Pour les communes de 1 000 habitants et plus, c’est un scrutin de liste à deux tours. Les listes doivent être paritaires avec alternance femme/homme ou inversement. Si la majorité absolue est obtenue au premier tour par une liste, il lui est attribué un nombre de sièges égal à la moitié des sièges à pourvoir et les autres sièges sont répartis entre toutes les listes à la représentation proportionnelle à la plus forte moyenne. Dans le cas contraire, il y a un second tour, où peuvent se présenter les listes ayant obtenu 10% des suffrages exprimés, elles peuvent être modifiées avec des candidats ayant figuré au premier tour sur une liste ayant au moins 5% des suffrages exprimés. La répartition est ensuite identique, la liste qui obtient le plus de voix obtient un nombre de sièges égal à la moitié des sièges à pourvoir et les autres sièges sont répartis entre toutes les listes à la proportionnelle, pour celles ayant obtenu plus de 5 % des suffrages exprimés. 

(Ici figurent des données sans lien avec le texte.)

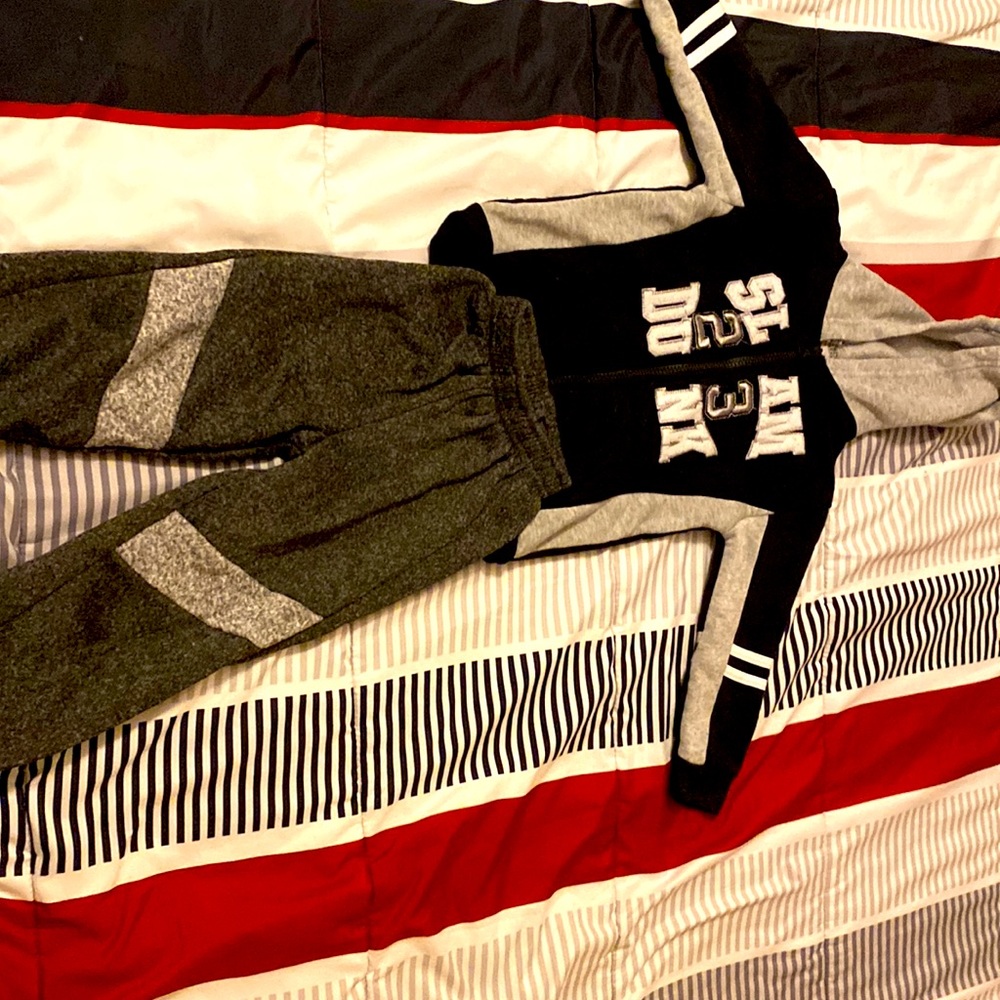 Kids jump suit set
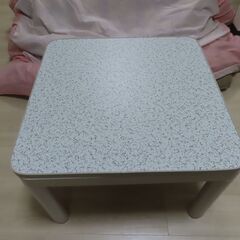 カジュアルコタツ　60cm×60ｃｍ×高さ38.5ｃｍ、コタツ布団付
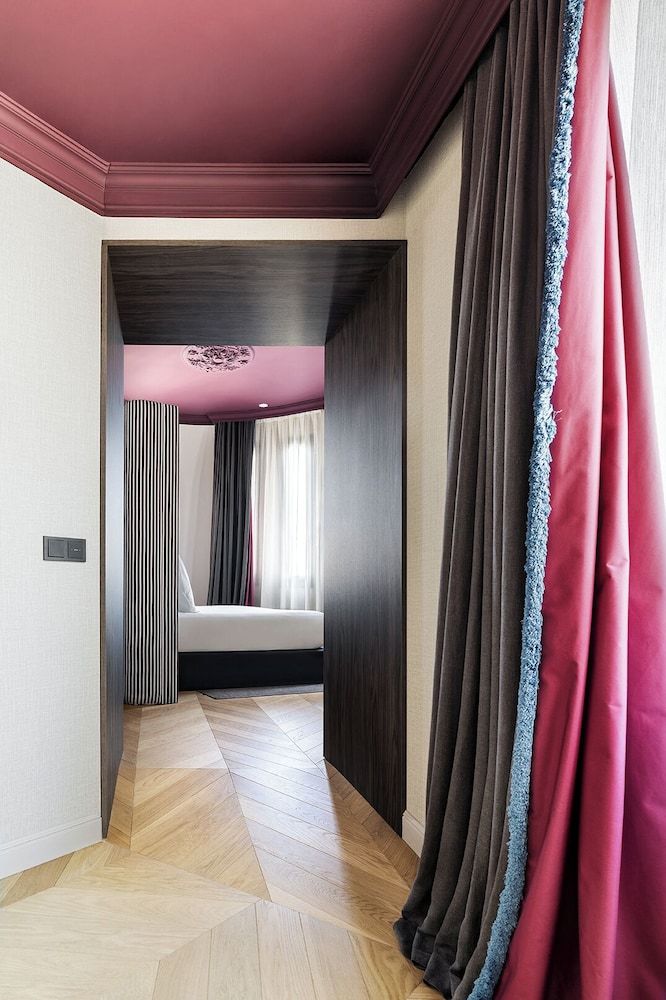 undefined One Shot Luchana 10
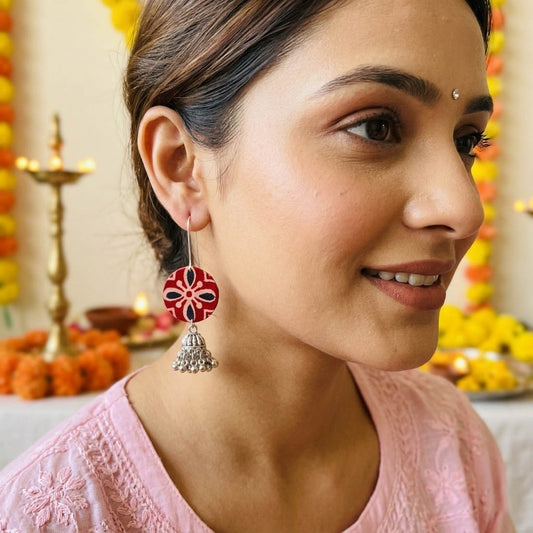 Klassische rote handgefertigte Ohrringe, zeitloser Ethno-Festschmuck-Design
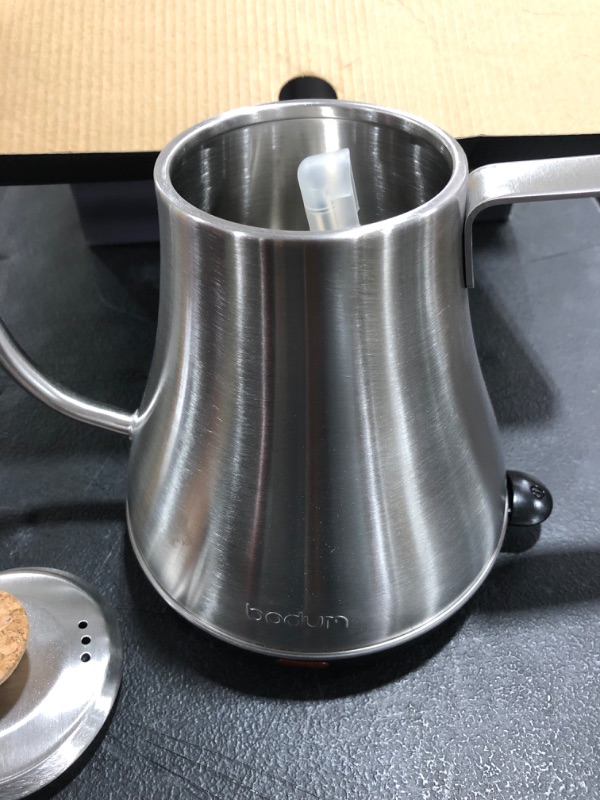 Photo 5 of Bodum 11883-57US Melior Gooseneck Electric Water Kettle, 27 Ounces, Matte Silver
OPEN BOX. PRIOR USE.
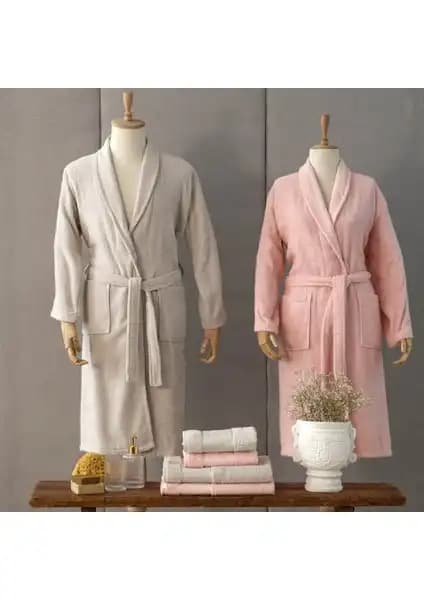 Karaca Home Casita Flos ve Özdilek Wedding Aile Bornoz Setleri Karşılaştırması 1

Pour les villes de Paris, Marseille et Lyon, les élections se font par secteur, mais les règles sont les mêmes que pour les communes de plus de 1 000 habitants. A Paris comme à Lyon, chaque arrondissement forme un secteur, 20 pour Paris et 9 pour Lyon et à Marseille, il existe 8 secteurs de 2 arrondissements chacun. Les sièges de membres du conseil de Paris ou du conseil municipal de Marseille ou de Lyon sont donc attribués au regard des résultats obtenus par secteur.

L’élection du maire et des adjoints est ensuite faite par le conseil municipal, qui se réunit au plus tôt le vendredi et au plus tard le dimanche qui suit l’élection du conseil au complet. Pour être élu maire, il faut obtenir la majorité absolue des suffrages exprimés au deux premiers tours au sein des conseillers municipaux. Si après deux tours, aucun candidat n’a obtenu la majorité, on procède à un troisième tour et l’élection a lieu à la majorité relative. Puis, après l’élection du maire, le conseil municipal fixe par délibération le nombre des adjoints (au maximum 30% de l’effectif légal du conseil municipal) puis procède à leur élection.

Les 38 000 conseillers communautaires en charge de l’intercommunalité, sont élus en même temps que les conseillers municipaux dans les communes de plus de 1 000 habitants et sont désignés dans les communes de moins de 1 000 habitants.